とはいえ、そうなるのも、ある程度止むを得ない。というのも、『愛が微笑む時』は少々プロットに混乱がみられる映画でもあるのだ。

 

タイトルロールに注目して頂くと分かるのだが、『愛が微笑む時』は脚本家が4人以上クレジットされている作品である。そして、ハリウッド映画で脚本家が4人以上クレジットされている作品というのは、多くの場合、ほぼ間違いなく、それ以上の人数が関わっていることが大半なのである。

 

映画の世界にはノンクレジット契約での仕事がままあるが、脚本に関してはこの率が高い。スクリプトドクターが入って、大小の助言をしたり、リライトをすることがあり、多くの場合はスタッフロールにクレジットしない形での仕事ということになる。“脚本家が4人以上クレジットされている”という状態は、脚本の調整に多数の人が関わってますよ、という目印のようなものなのだ。

 

そして多数の脚本家が関わっている作品というのは、得てして撮影の方向性に多少の混乱があった作品であることが多い。途中で物語の方向性が変わる、スケジュール変更の都合で俳優の都合がつかなくなる、全体構成をリライト中であるにも関わらず押さえていたロケ地の契約期限が来てしまい見通しが不透明なままとにかくシーン単体は先に撮影せねばならない…など、(お、恐ろしい…) 想像するだに不憫な現場的な事情に対応するために、脚本上も細かな調整が必要だったのであろうという推測が、自然と成り立つわけだ。

 

事実、『愛が微笑む時』は、その設定が本来持っているポテンシャルほどには、プロットそのもので感動的なストーリーテリングを呼び込めているわけではない。おそらく初期案のままでは進められなくなってしまったなど、なんらかの事情があったのだろう。
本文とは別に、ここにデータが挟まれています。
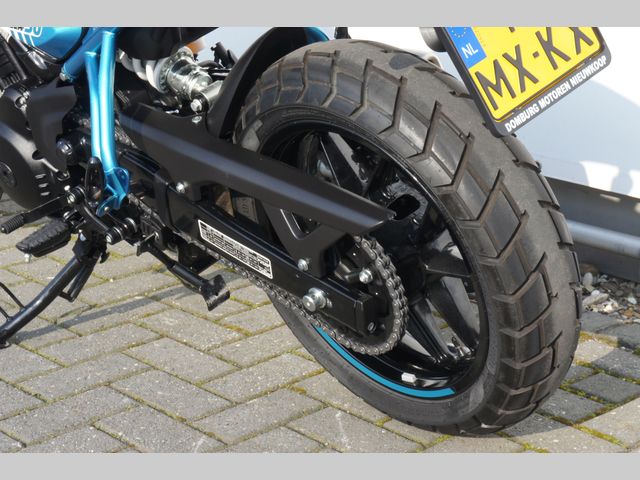 royal-enfield - guerrilla-450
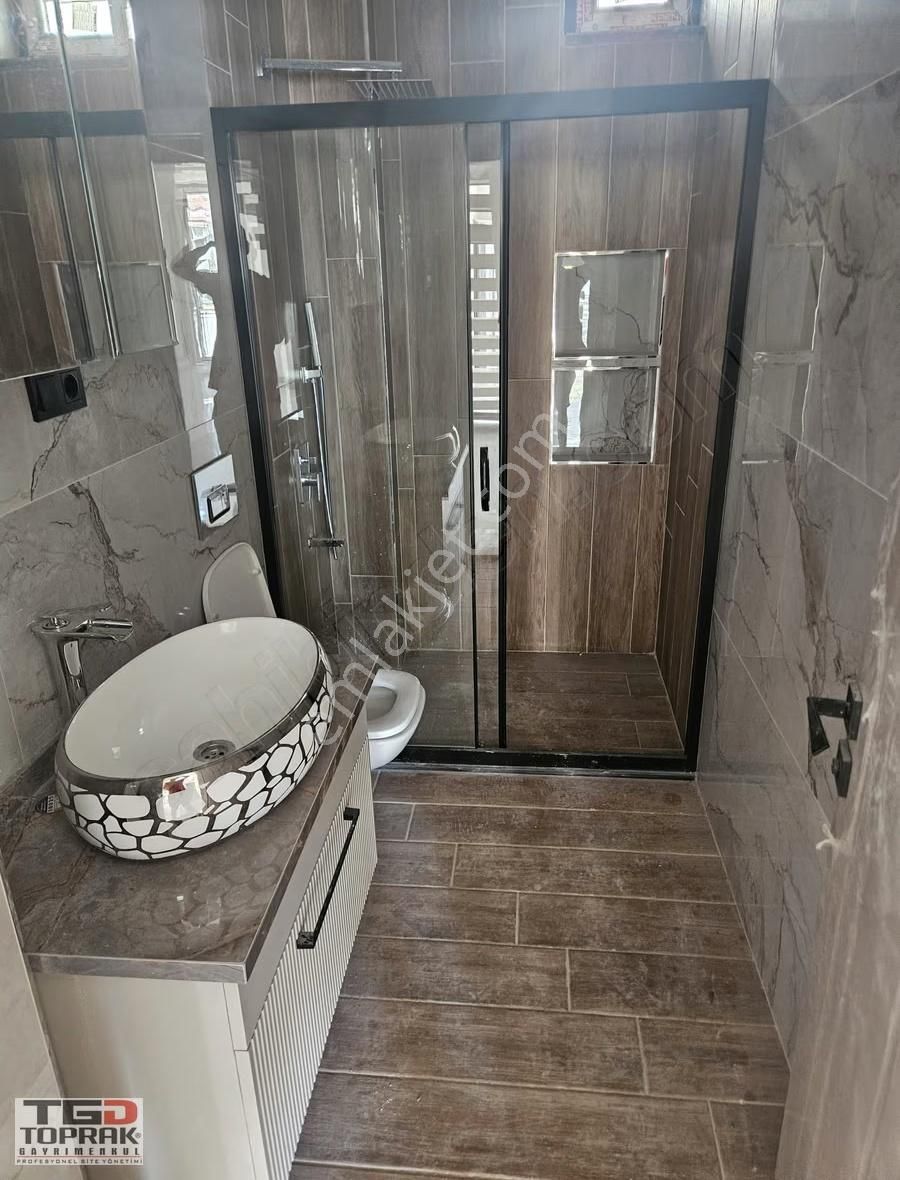Yazlıkta Müstakil 6+1 Satılık Sıfır Villa - Görsel 22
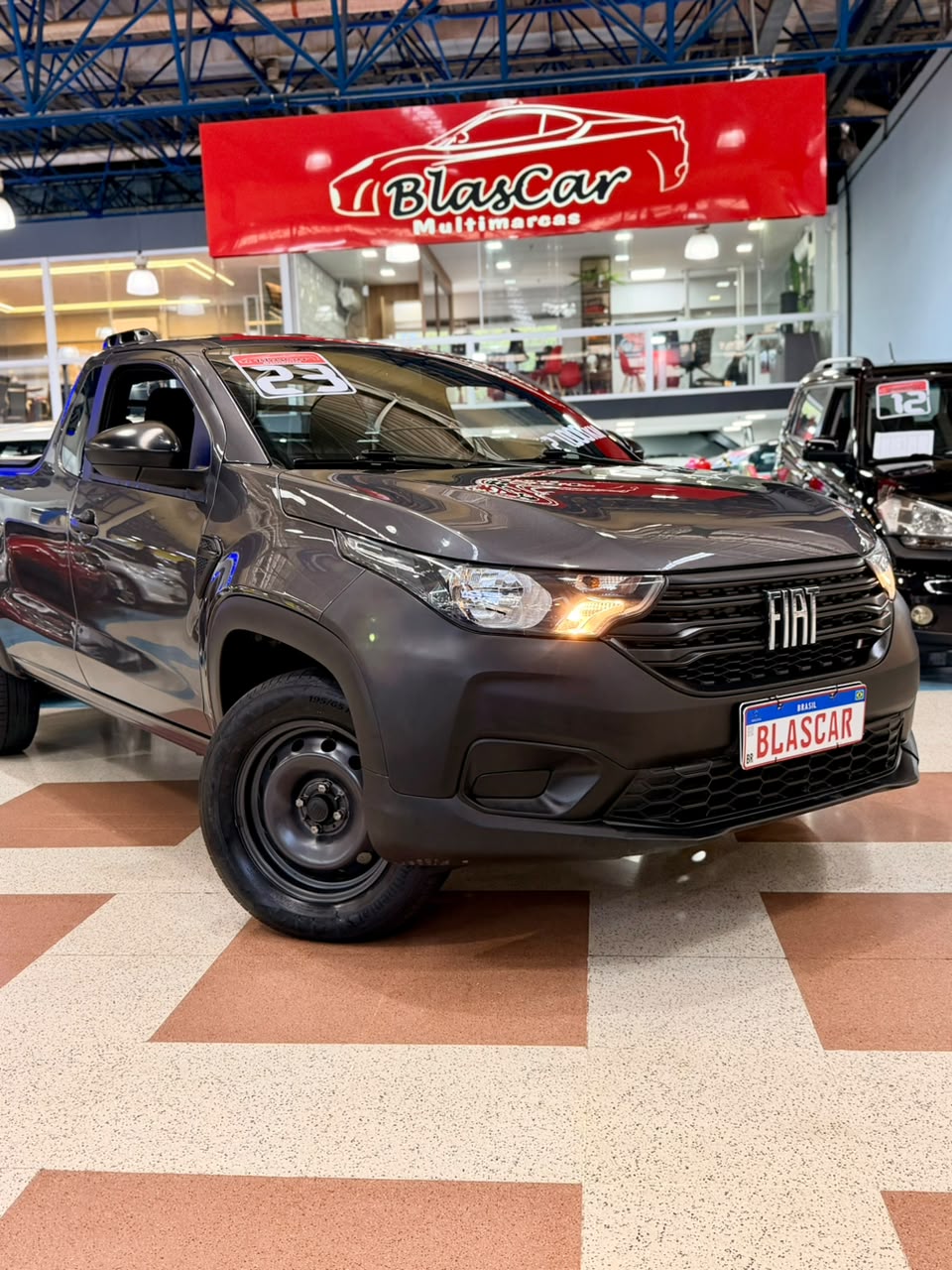 FIAT STRADA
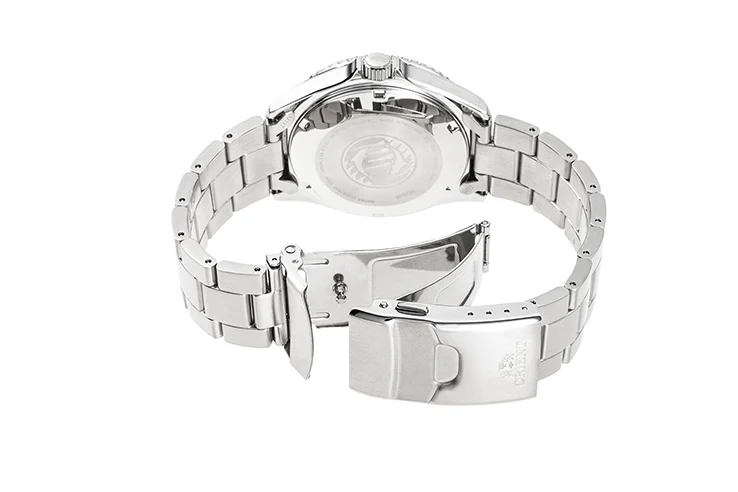 Orient Diver Design RA-AA0812L 41.8 mm kol saati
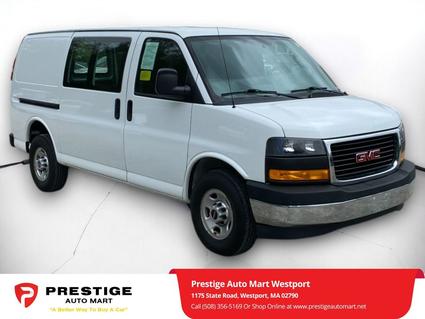 2018 GMC Savana Westport MA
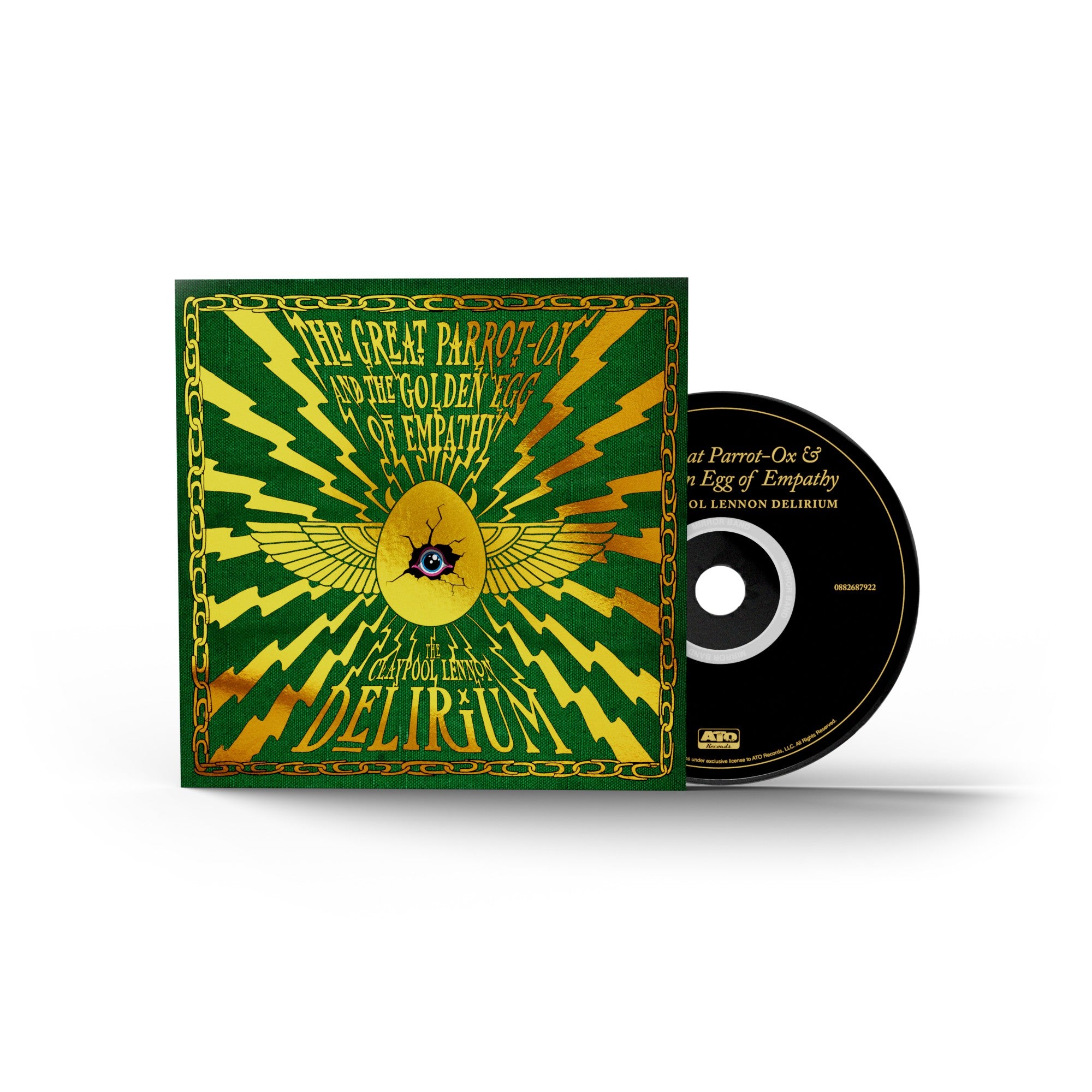Les Claypool – ATO Records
ややぎこちない話運びなのである。なのだが、主演のロバート・ダウニーJr.の歌って踊れる器用さと卓抜した演技力を大事に活かそうとする賢明な構成にはなっており、その他脇を固める名うての役者陣の熱演、名演も相まって、多少のプロットの混乱を吹き飛ばすような、快い一作になっている。

 

ちなみにこれは余談だが、プロットの混乱がみられる映画には、ちょっとした見分け方がある。そういった映画は、商品パッケージやWebサイトなどに書かれてある“あらすじ”の内容が、それぞれで微妙に違っていたりするのである。

 

各々の紹介文を読んでいると、誰がどうなってこうなって、という部分がいまいちよく分からなくなってくるのだ。特に主人公が誰なのかが分かりづらい場合があり、『愛が微笑む時』はこれに当てはまる。そして実際、映画本編も幽霊4人組の視点から始まり、主演のはずのダウニーJr.が出てくるまでにかなりの時間がかかってしまっているのである。幽霊が主役のようでもあるし、青年が主役のようでもあるし、しかし青年自身が物語の主題になるほどの執着は抱えていないし…といった塩梅だ。

 

ちなみにこの見分け方は、映画監督の三宅隆太氏が以前イベントで紹介していたものである。実際そのつもりで映画のパッケージをTSUTAYAなどで参照し、同時にタブレットなどでも情報を検索してみると、それだけでなかなかに面白い。一体何を言ってるんだろう…という程にも混乱しているものもあり、思わず笑ってしまう。

 

だが、『愛が微笑む時』がそうであるように、プロットが多少混乱しているからといって、映画そのものの出来が悪いとは限らない。そこは御自身の直感を働かせて、映画作品への敬意と愛情を持って接して頂けると幸いである。

 

閑話休題

 

何にせよ、アルフレ・ウッダードは『愛が微笑む時』の中で、肝っ玉母ちゃん的な母性を発揮し、会えない我が子たちへの想いを胸にしながらも、ダウニーJr.の成長を我が子のように見守る役柄を、愛嬌たっぷりに魅力的に演じている。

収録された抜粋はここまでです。